カチャ、とドアが開く音がして、伯爵の部屋から蝋燭の薄淡い光が漏れたので、てっきり部屋に戻った伯爵か、何か用事があって訪ねた執事さんかヴァネッサさんあたりが出てくるんだろうと思ったのだけれど。
ゆらりと顔を覗かせたのは、見たこともない女の人だった。
いや、見たことがないだけで、私はこの人が誰なのかを知っている。
腰まで届きそうな、ウェーブのかかった黒い髪。血が通っているのか分からないほど白い肌に、毒々しさの際立つ赤い唇。蠱惑的な瞳から放たれる視線はねっとりとしていて、その色香は私が男だったらごくりと生唾を飲み込みそうなほどだ。
息が、止まった。
どうして、貴女が伯爵の部屋から出てくるの。
どうして、伯爵のバスローブを、貴女が裸の上に着ているの。
部屋の前で足が竦んだまま一言も発せない私を見て、その女性はくすりと笑うと、見かけ通りの酷く艶っぽい声で「こんばんは」と言った。
「ごめんなさいね、驚かせちゃったかしら。可愛い仔羊ちゃんの匂いがしたものだから」
視線が首筋に留められているような気がして、ぞわりと鳥肌が立つ。
隙を見せたら喰われかねないと思った私は、最大の関心事をどうにか頭の隅に追いやって、仕事モードの自分を無理矢理引き出しから引っ張り出した。
「御挨拶が遅れて申し訳ありません。メイドのミオと申します」
「そう、『生贄』ね?」
「……はい」
「こんなことに選ばれて不運だったわね。私はノイエッタ・ディアナ・リンディール」
大げさなほど気の毒そうな声音で言われ、密かにむかっ腹が立つ。
別に選ばれた訳じゃないし、不運でもないわよ、自分で望んで来たんだから。
それから御丁寧に名乗ってくださってありがとうございます。でももう充分存じ上げておりますよ、貴女はこの城でそれはそれは有名ですから!悪い意味でね。
心の中で散々毒づきながら、それをおくびにも出さずに私はにこりと微笑んだ。
「お噂はかねがね。お会い出来て光栄です」
「いいのよ、そんな見え透いた嘘吐かなくても。どうせヴァネッサあたりに悪口吹き込まれてるでしょう」
何だ、悪口言われてる自覚はあるのね。
「ちょっと摘まみ食いするくらい許して欲しいわ。たまの遠出で羽根伸ばしたって、いいじゃないのよねえ」
そう言って頬に手を当てた彼女の唇から、薄く覗いていた白い歯が、鋭い牙へゆっくりと変貌するところを私は目撃した。さすがに驚きを隠せず営業スマイルが崩れると、それに気付いた彼女が「あら嫌だ、男のことを考えるとつい……」と恥ずかしそうに口元を覆い隠す。

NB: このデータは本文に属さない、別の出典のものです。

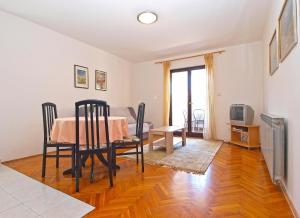 Apartments Puntizela 727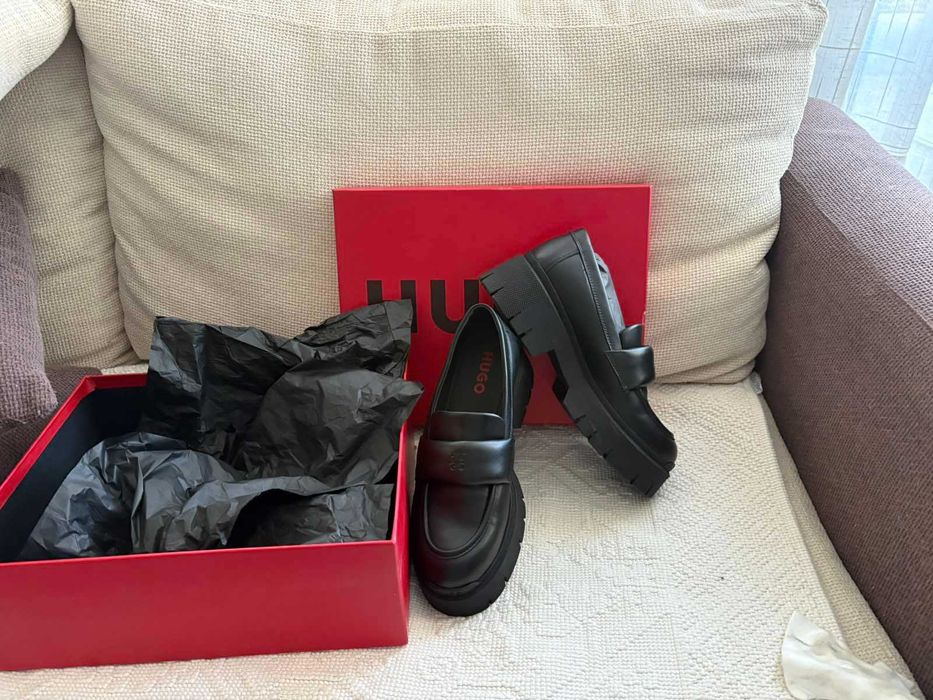 Hugo Boss лоуфъри с дебела подметка нови оригинални
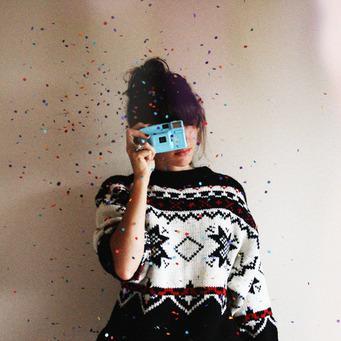Live, love and get inspired. ∞ Book obsessed and no longer a photographer who loves tea and deals with Fibromyalgia. Dogs are better than human beings ♡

そして次の瞬間にはもう、ノイエッタ嬢の歯は元に戻っていた。それでも私はすぐ何事もなかったかのように取り繕うのは難しく、急に生まれた恐怖心によって微かに冷や汗が滲むのを感じた。
「そんなに警戒しなくても大丈夫よ。ヴァンパイアは異性の血しか吸わないから」
ふふふ、と笑って彼女が提供してくれたのは、私には初耳の情報。今までこのお城に女の子だけが集められてきたのは、当主がずっと男性だったからという訳だ。
……待ってよ、それじゃあ仮にこの人がウィランバル家を乗っ取ることになったとして。彼女は純血のヴァンパイアな訳だから、本当に血を吸うための生贄を集めることになるのよね、それも男の。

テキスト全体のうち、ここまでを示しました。